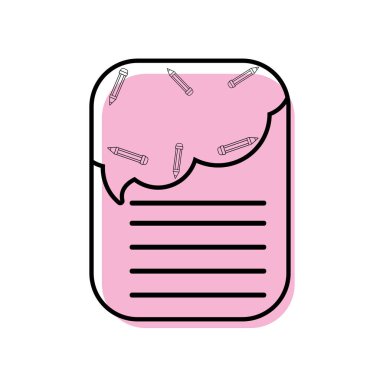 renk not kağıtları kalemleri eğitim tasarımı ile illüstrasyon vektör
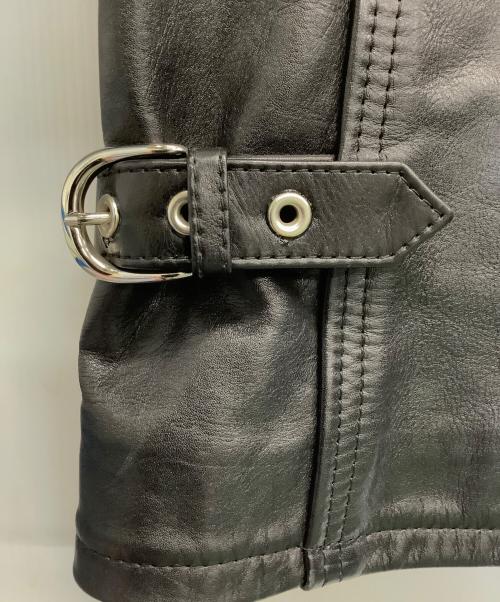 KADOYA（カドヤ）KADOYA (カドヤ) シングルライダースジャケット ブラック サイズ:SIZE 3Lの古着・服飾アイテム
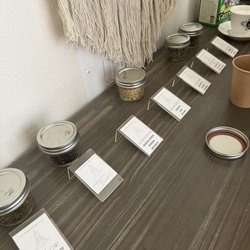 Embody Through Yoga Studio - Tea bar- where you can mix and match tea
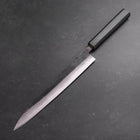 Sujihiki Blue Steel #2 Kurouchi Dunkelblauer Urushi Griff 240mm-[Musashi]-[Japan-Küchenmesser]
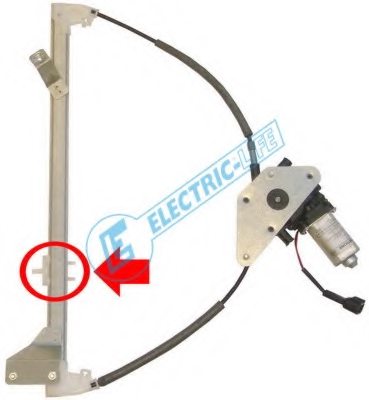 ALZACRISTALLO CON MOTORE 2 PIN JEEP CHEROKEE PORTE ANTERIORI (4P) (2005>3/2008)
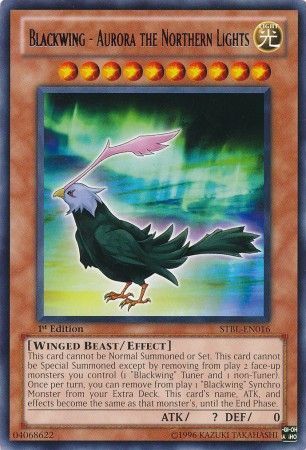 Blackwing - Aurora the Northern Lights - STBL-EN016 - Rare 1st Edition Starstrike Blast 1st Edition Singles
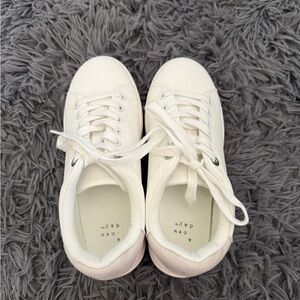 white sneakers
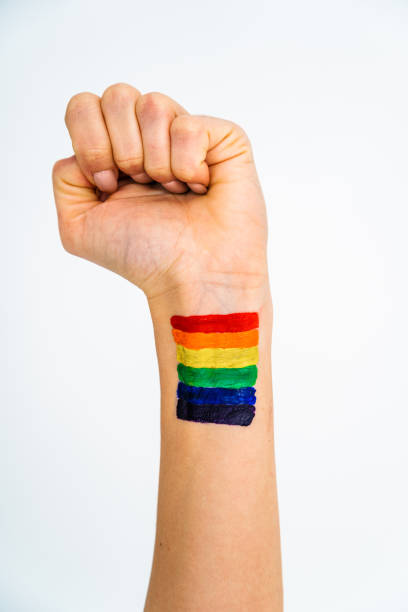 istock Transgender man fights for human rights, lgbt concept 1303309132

━━━━━━

• [Problem statement]: An exact copy of every entry, pictures left out, is what to write here.

• [Written reply]:
 renk not kağıtları kalemleri eğitim tasarımı ile illüstrasyon vektör
 KADOYA（カドヤ）KADOYA (カドヤ) シングルライダースジャケット ブラック サイズ:SIZE 3Lの古着・服飾アイテム
 Embody Through Yoga Studio - Tea bar- where you can mix and match tea
 Sujihiki Blue Steel #2 Kurouchi Dunkelblauer Urushi Griff 240mm-[Musashi]-[Japan-Küchenmesser]
 ALZACRISTALLO CON MOTORE 2 PIN JEEP CHEROKEE PORTE ANTERIORI (4P) (2005>3/2008)
 Blackwing - Aurora the Northern Lights - STBL-EN016 - Rare 1st Edition Starstrike Blast 1st Edition Singles
 white sneakers
 istock Transgender man fights for human rights, lgbt concept 1303309132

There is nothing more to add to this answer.